Some people were horrified when they heard the title of Fox's latest sitcom, "I Hate My Teenage Daughter."
Apparently, these people have not spent enough time around heinous teenage girls.
Surely there are teenage girls who always tell the truth, cheerfully do their chores, maintain an A average and live to please their equally perfect elders. They also wear skirts below their knees, adhere to a vow of chastity and sobriety, and would never dream of shoplifting, breaking curfew or sexting.
Then there's reality.
The comedy, premiering Wednesday, Nov. 30, focuses on that extra-special relationship mothers and teenage daughters enjoy. Naturally the show is over the top; the moms tend toward pathetic while the girls are so nasty, no one would call social services if someone slapped them.
The show isn't helped by a relentless laugh track, but the cast is so solid and the topic so rich that there is a lot of potential. Jaime Pressly ("My Name Is Earl") and Katie Finneran ("Wonderfalls") play Annie and Nikki, best friends whose freshman daughters are spoiled brats. The women are in sync in person.
Pressly rocks a barely-there mini and has a 4-year-old son. Finneran, who won a Tony for the revival of "Promises, Promises," has a baby son, so neither has dealt personally with the challenges of a teenage daughter.
"TV is supposed to take you out of your reality and (make you) feel good and laugh at yourself, of what you are going through, and even if you can't watch, it's funny," Pressly says.
"Ultimately it is about how much we love the two daughters," Finneran says.
"And it's really, really about the friendship between the mothers," Pressly adds.
The characters had painful childhoods and awkward teenage years.
"My mom was a religious nutbag who insisted on making all of my clothes because she thought the Gap was the devil's workshop, so I went to school every day looking like a sister wife," Annie says.
She wasn't allowed to watch TV or go to dances or essentially participate in pop culture, so she misses some social references, though her moral compass is more finely tuned than Nikki's.
Nikki is desperate for love and wants to be best friends with her daughter, Mackenzie (Aisha Dee, "Terra Nova"). Nikki had an eating problem as a girl and still uses food as a crutch. The scene where she eats pie without aid of utensils is a study in an actress brave enough to look truly silly on camera.
"Come on, Nikki, use a fork. You are not a bear!" her former brother-in-law and current crush, Jack (Kevin Rahm, "Desperate Housewives"), tells her.
Annie's ex, Matt (Eric Sheffer Stevens), is a feckless musician. Katie's ex, Gary (Chad Coleman), is a golf pro. But Gary, Annie and Jack at least are mature.
When Gary tells Nikki she needs to get a job, "I have a job," she says. "I am a mother and a damned good one."

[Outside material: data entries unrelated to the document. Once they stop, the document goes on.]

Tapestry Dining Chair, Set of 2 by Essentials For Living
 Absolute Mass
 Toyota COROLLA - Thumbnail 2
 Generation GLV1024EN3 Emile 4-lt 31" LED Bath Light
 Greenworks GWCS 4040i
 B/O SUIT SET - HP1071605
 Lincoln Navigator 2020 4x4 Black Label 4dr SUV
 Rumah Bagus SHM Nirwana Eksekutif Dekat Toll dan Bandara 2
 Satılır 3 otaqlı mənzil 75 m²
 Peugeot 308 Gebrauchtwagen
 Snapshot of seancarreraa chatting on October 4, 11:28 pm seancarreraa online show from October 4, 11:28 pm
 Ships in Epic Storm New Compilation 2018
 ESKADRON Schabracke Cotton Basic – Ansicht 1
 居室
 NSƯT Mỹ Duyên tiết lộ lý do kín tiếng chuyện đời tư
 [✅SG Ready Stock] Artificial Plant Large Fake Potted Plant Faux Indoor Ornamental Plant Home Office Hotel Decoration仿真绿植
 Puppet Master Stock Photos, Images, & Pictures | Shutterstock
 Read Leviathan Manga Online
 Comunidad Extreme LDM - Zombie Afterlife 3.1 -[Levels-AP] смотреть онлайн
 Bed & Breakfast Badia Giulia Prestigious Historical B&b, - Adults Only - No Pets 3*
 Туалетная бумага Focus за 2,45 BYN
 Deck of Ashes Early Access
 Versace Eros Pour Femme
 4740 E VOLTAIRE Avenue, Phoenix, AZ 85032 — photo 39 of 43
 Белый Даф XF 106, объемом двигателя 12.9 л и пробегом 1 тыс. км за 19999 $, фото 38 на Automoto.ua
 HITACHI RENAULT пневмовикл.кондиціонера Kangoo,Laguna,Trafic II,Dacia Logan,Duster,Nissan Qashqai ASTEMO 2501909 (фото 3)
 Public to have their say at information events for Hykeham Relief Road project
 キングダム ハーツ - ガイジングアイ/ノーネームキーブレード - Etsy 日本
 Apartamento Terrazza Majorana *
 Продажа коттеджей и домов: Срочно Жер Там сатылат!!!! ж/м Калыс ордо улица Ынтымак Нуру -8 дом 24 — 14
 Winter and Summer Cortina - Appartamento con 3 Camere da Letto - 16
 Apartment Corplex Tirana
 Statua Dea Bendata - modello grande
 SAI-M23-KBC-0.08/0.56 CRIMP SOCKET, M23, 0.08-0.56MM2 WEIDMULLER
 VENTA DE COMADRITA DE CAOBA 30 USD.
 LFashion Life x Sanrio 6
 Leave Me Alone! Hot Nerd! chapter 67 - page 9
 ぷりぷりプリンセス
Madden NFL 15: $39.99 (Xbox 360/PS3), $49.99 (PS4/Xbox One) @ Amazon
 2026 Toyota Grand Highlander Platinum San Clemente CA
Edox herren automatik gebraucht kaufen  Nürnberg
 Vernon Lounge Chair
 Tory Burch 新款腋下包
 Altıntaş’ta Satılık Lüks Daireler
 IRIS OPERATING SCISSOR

Never mind that Mackenzie dresses as if she's turning tricks and that Nikki is afraid of her mean, materialistic and imperious daughter.
"I don't want to be a working mom. Those women are pathetic," Nikki says, looking at Annie, who works in a coffeehouse.
"None taken, you lazy, stay-at-home whore," responds Annie.
Nikki's job hunt will be grist for future episodes, Finneran reports.
"She's going to try to be a lounge singer," she says.
In the pilot, the daughters, Mackenzie and Sophie (Kristi Lauren, "Working Class"), lock a boy in the girls bathroom, which is bad enough, but the boy is in a wheelchair. Sophie tells Annie that the boy is racist and said awful things to Mackenzie, who is biracial.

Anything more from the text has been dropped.